→ **Records provided**

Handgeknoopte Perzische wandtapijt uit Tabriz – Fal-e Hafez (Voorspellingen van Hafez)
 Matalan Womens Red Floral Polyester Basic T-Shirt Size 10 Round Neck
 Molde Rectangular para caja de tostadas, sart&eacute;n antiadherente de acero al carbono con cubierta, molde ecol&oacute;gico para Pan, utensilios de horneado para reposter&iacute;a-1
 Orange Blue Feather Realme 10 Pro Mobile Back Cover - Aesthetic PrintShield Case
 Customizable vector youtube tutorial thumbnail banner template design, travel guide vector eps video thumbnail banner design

→ **Problem description**
Every line from the one with "Orange Blue Feather" to the end of the records above should be returned exactly, and no other lines.

→ **Task response**
 Orange Blue Feather Realme 10 Pro Mobile Back Cover - Aesthetic PrintShield Case
 Customizable vector youtube tutorial thumbnail banner template design, travel guide vector eps video thumbnail banner design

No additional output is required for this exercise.